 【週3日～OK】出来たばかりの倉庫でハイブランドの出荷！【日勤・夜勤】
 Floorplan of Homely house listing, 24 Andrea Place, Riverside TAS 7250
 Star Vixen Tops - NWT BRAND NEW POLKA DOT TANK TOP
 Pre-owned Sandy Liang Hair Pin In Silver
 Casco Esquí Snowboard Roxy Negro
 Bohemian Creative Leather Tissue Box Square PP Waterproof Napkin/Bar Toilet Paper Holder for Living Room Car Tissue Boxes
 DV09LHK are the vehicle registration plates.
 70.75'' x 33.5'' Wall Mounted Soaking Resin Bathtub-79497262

EXERCISE OBJECTIVE ▸
Produce an exact copy of each line from the one holding "DV09LHK are the vehicle registration plates." through the last line of the records, both included, and nothing more.

YOUR SOLUTION ▸
 DV09LHK are the vehicle registration plates.
 70.75'' x 33.5'' Wall Mounted Soaking Resin Bathtub-79497262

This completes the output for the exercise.